Eleanor: Her eyes in certain light were violet, and all her teeth were even. That’s a rare, fair feature: even teeth. She smiled to excess, but she chewed with real distinction.

Henry II: We’re in the cellar and you’re going back to prison and my life is wasted and we’ve lost each other… and you’re smiling.
Eleanor: It’s the way I register despair. There’s everything in life but hope.
Henry II: We’re both alive… and for all I know that’s what hope is.

That last bit of dialogue is the heart of the film. I enjoy the movie, a lot, but I readily admit it is odd. Perhaps the most odd moment in the film is its ending, which follows shortly after Henry’s musing on what hope is. As Eleanor waves to Henry from her ship, on her way back to prison, Henry waves too and comments that he hopes they both live forever. He then laughs manically. In addition to being strange, the scene is a comment on the lives of the characters, and I think it is also a comment on humanity more generally. Eleanor returning to her prison is nothing short of desperate and tragic. She is crushed to return there and Henry is deeply pained to send her. Yet she and Henry deal with this tragedy by pretending in that moment that their parting is a brief pause in a fun game that they will soon resume, and then play forever. Henry’s maniacal laughter causes us to question whether he is sane in this hope to which he clings, but as the alternative is death, insanity comes across as the more noble choice.

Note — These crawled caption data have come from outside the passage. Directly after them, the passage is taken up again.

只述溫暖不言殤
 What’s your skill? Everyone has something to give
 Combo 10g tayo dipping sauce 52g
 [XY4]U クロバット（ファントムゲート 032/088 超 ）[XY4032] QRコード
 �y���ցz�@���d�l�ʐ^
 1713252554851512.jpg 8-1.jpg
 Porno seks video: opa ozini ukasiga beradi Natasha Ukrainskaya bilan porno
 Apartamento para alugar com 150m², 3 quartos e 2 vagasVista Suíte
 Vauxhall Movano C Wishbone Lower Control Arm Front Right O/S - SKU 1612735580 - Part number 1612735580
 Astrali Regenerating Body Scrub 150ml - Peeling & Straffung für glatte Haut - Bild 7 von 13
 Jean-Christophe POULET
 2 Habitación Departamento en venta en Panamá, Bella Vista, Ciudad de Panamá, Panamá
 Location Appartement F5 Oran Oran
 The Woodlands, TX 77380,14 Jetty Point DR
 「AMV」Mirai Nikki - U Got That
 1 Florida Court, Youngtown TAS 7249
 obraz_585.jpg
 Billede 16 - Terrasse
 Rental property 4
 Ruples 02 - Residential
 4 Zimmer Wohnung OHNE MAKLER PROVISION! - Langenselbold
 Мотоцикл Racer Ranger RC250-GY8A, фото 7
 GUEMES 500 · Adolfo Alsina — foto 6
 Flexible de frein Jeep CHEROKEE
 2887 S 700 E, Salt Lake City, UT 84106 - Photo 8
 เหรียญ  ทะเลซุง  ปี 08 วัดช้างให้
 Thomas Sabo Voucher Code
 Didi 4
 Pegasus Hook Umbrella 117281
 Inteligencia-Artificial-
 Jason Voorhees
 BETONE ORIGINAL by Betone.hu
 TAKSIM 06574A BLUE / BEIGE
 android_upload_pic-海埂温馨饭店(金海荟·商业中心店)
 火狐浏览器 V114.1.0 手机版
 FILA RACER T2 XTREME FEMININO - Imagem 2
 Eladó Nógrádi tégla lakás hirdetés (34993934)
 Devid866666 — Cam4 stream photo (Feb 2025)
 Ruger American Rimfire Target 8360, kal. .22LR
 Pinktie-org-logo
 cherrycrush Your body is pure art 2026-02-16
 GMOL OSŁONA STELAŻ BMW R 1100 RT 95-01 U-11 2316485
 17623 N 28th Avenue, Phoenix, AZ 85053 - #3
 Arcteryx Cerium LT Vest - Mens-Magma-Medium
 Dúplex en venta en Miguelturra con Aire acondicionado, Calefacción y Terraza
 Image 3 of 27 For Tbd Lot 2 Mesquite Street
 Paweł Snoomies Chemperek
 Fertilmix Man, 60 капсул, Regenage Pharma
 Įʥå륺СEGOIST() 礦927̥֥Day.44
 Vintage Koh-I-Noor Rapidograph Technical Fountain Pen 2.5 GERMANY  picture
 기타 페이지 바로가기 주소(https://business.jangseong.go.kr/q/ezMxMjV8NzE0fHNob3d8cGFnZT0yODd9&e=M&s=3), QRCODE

By providing this odd ending, the film refuses to give us newly grown and changed characters. The story is one concerning damaged people and they part just as damaged as when we met them. That damage is the point. The message of the film is that people are terrible, legacies are fleeting, but also that there is something to be loved or admired even in the worst people. Henry, Eleanor, and we in the audience can find solace and hope in the idea that they will have more encounters in the future. Perhaps one of those will end in a better way. The audience can decide on their own whether that is a sufficiently sane basis for hope. As a comment on human behavior, in the face of turmoil, there is something quite authentic in that. Authenticity notwithstanding, you might prefer that they could go to therapy instead.

If you enjoy movies with terrific acting, well-written scripts, and messaging that leaves you in thought, then I recommend you give The Lion in Winter a viewing.